Caregiver placebo effect

Placebos by Akacio S. ( /photographyk )

The placebo effect is usually considered to be the curative effective resulting from patients equipping a sugar pill with their belief in its ability to help. But it turns out that the placebo effect can result from the thought of the caregiver as well.

“Belief in or expectation of a good outcome can have formidable restorative power, whether the positive expectations are on the part of the patient, the doctor or caregiver, or both…” says Herbert Benson, M.D. writing (with Marg Stark) about what he calls “remembered wellness” in his book “Timeless Healing – The Power and Biology of Belief”.

Herbert Benson M.D.

Benson shares a number of examples of what is called the “placebo effect”. But perhaps more remarkable is what he learned from a 1979 study he and Dr. David P. McCallie Jr. made of therapies used to alleviate a condition called “angina pectoris” (see page 30). He explains that techniques used in years past which have since proved to have been “misguided” nonetheless often worked even though there was “no physiologic reason” they should have.

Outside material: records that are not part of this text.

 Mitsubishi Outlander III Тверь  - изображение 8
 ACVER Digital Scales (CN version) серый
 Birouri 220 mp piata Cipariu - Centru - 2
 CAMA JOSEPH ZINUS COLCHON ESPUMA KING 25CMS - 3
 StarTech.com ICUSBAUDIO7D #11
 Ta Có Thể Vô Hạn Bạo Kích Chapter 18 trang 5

He relates that when these “techniques were used and believed in, they were effective 70 to 90 percent of the time...” “Interestingly, later, when physicians began to doubt whether these treatments worked, their effectiveness dropped to 30 to 40 percent.”

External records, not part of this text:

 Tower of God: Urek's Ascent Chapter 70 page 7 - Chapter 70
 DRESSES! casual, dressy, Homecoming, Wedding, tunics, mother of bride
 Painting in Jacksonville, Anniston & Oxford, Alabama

In his book, Benson shares a number of examples from studies showing that when physicians convey confidence and expectancy to their patients, the results are better. They seem to instill or reinforce the placebo effect from the patient’s belief.

I’ve known of this phenomenon from my study of Christian Science.

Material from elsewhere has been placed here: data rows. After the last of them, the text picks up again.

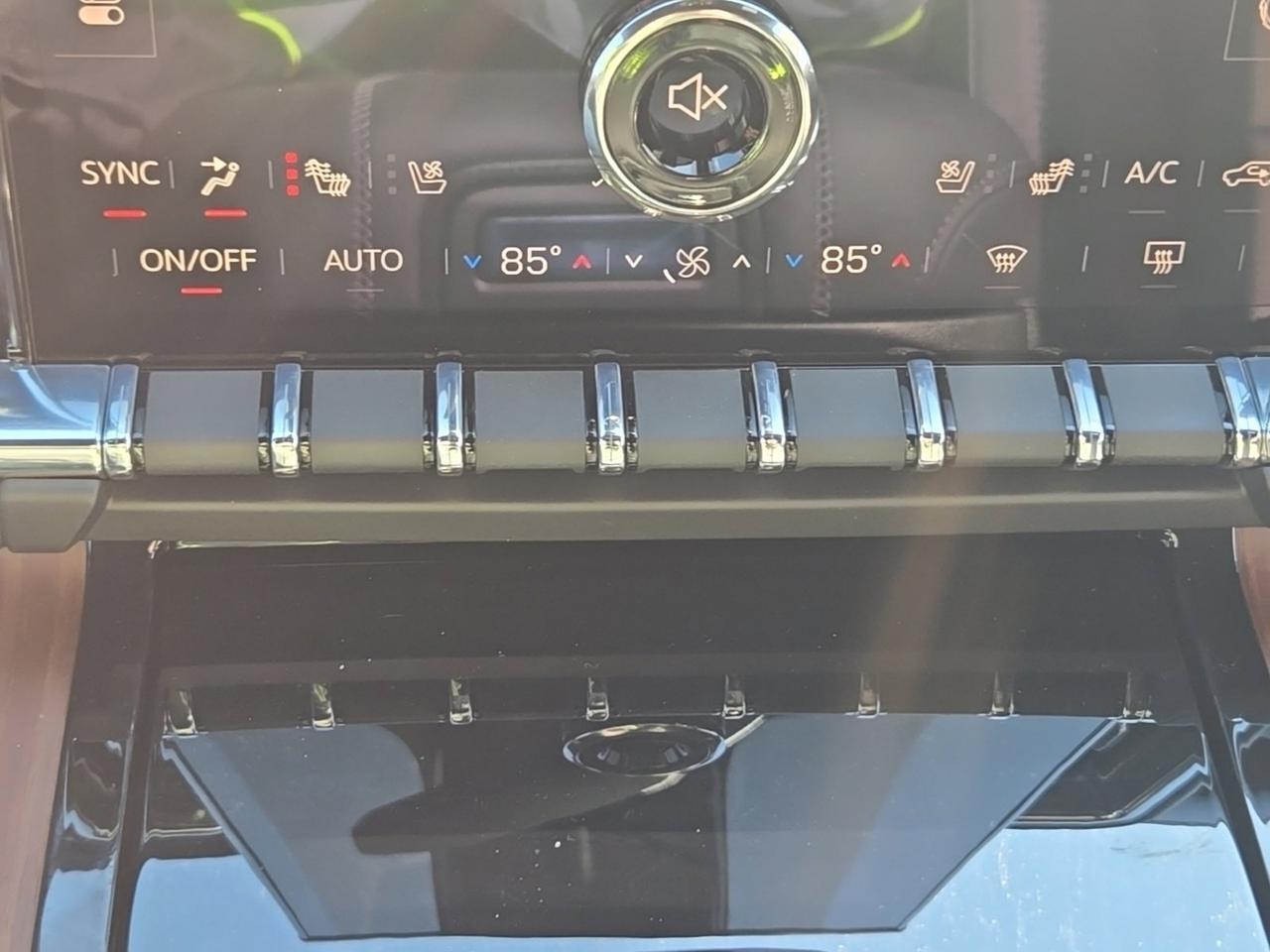 2026 GMC Yukon XL Denali Fredericksburg VA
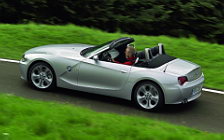   BMW Z4 - 2005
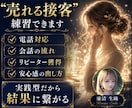 初心者限定初月から売れる商品作成完全サポートします ✤ 初月プラチナ実績者直伝ココナラ爆売れノウハウ ✤ イメージ7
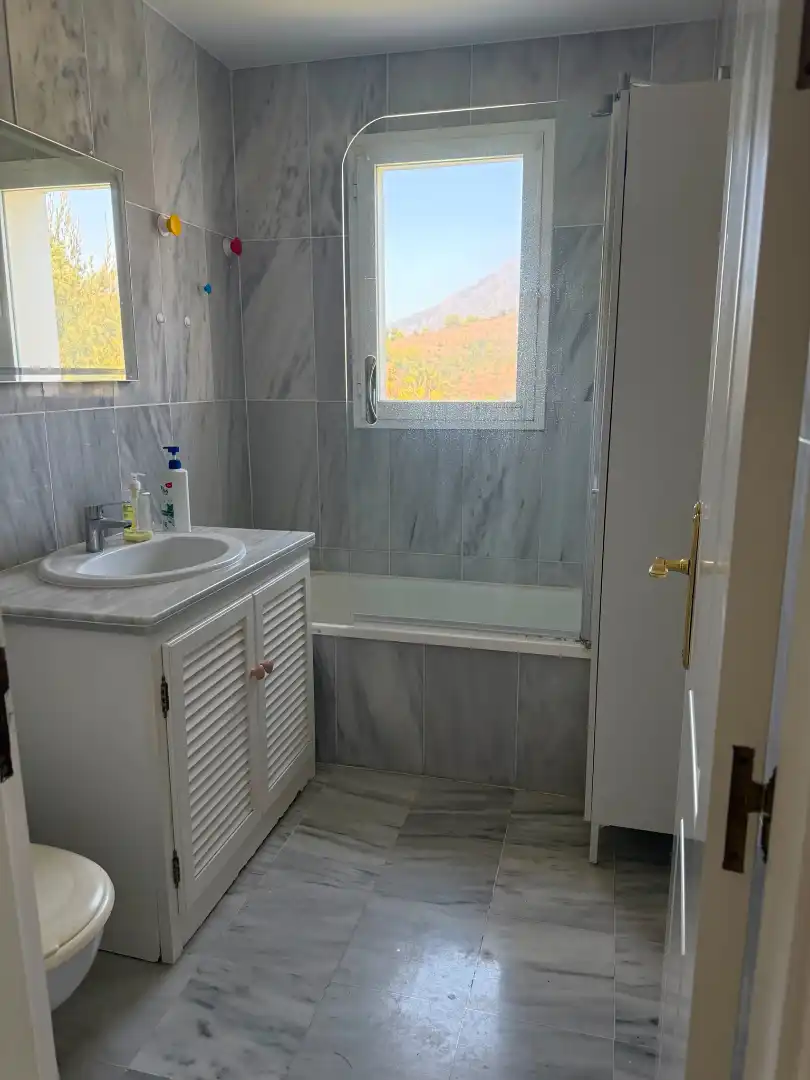 Apartamento con terraza en venta en Urbanización Golf Río Real, imagen 18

“The chemist, the botanist, the druggist, the doctor, and the nurse equip the medicine with their faith, and the beliefs which are in the majority rule. When the general belief endorses the inanimate drug as doing this or that, individual dissent or faith, unless it rests on Science, is but a belief held by a minority, and such a belief is governed by the majority” writes Mary Baker Eddy in Science and Health with Key to the Scriptures (page 155).

This all can serve to highlight the point that there is a mental aspect to disease and it then follows that there is a mental aspect to healing.

And this is why a treatment that addresses thought through prayer works. Christian Science addresses human thought in order to heal, and it goes higher than the beliefs of the human mind (good or bad) by relying on the truth of our wholeness and health known by the divine intelligence, the Mind that is God.

Perhaps this is what Paul was referring to when he said, “Let this mind be in you, which was also in Christ Jesus” (Phillippians 2:5).